Papandreou toyed with the idea of going to the Washington- based fund, saying today that Greece is already living in an IMF-style fiscal corset without the financing that goes along with it.

“We are under a basically IMF program,” he told a European Parliament committee earlier. “We don’t want to be in a situation where we have the worst of the IMF, if you like, and none of the advantages of the euro.”

The IMF stands ready to respond to a Greek aid appeal, which hasn’t come yet, spokeswoman Caroline Atkinson told reporters in Washington today. Papandreou said he still prefers a European solution and that the EU announcing more explicit support for Greece would be enough to bring down borrowing costs without the need to actually tap emergency funds.

The risk premium on Greek 10-year bonds has more than doubled since the beginning of November on concern about the country’s ability to bring down last year’s deficit of 12.7 percent of gross domestic product, the largest in the euro’s 11- year history. Greek 10-year yields were 314 basis points over German yields today, the widest spread since March 11.

Aid Request

“If the spread does not narrow ahead of the redemption of an 8.2 billion-euro Greek bond on April 20, Greece may ask for financial support,” Holger Schmieding, chief European economist at Bank of America-Merrill Lynch in London, said in a note to investors.

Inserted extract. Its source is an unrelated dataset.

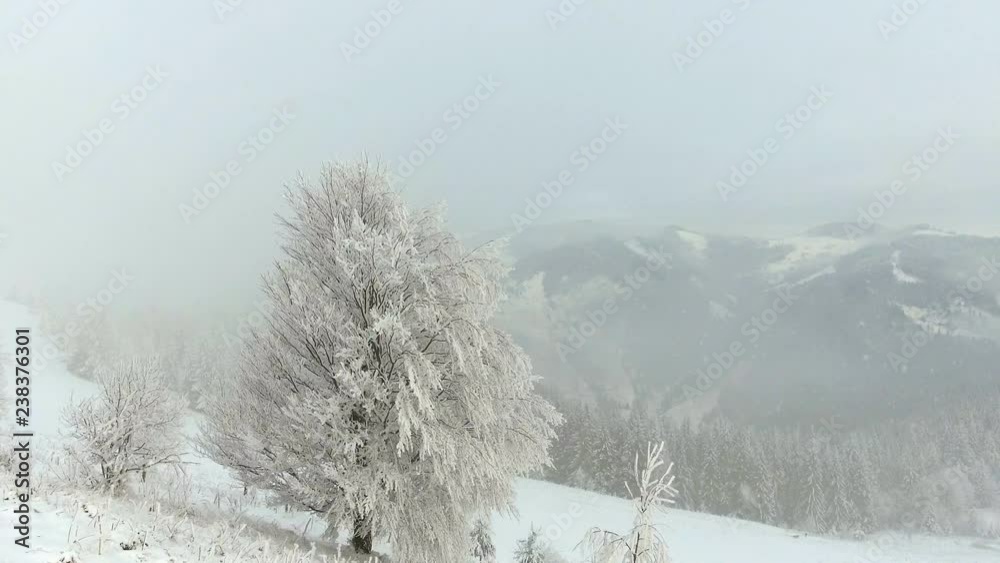 mountains in winter. Rural landscape. Trees covered with snow. Happy New Year. frozen very beautiful trees. Winter tale. mountains in winter. Rural landscape. Trees covered with snow. Happy New Year. frozen very beautiful trees. Winter tale.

Elected in October on a platform of higher salaries and spending, Papandreou’s government has passed three packages of deficit reduction measures this year to try to convince the EU and investors it is serious about bringing the deficit down to 8.7 percent of GDP.

Papandreou said the belt-tightening measures, endorsed by European governments this week, will fail unless Greece can get access to 10-year interest rates closer to the 3.10 percent paid by Germany, Europe’s lowest.

The IMF would be the quickest route to more affordable borrowing, since it can make short-term loans at around 1.5 percent, said Carsten Brzeski, an economist at ING Group in Brussels who used to work at the European Commission. EU lending rates would be at least 3.5 percent, he said.

“Merkel is stuck,” said Henrik Enderlein, a political economist at the Hertie School of Governance in Berlin. “If it’s just a matter of the pricing of the bonds, then she cannot argue that a bailout is absolutely needed to avoid a devastating economic storm in the euro area. That’s her conundrum.”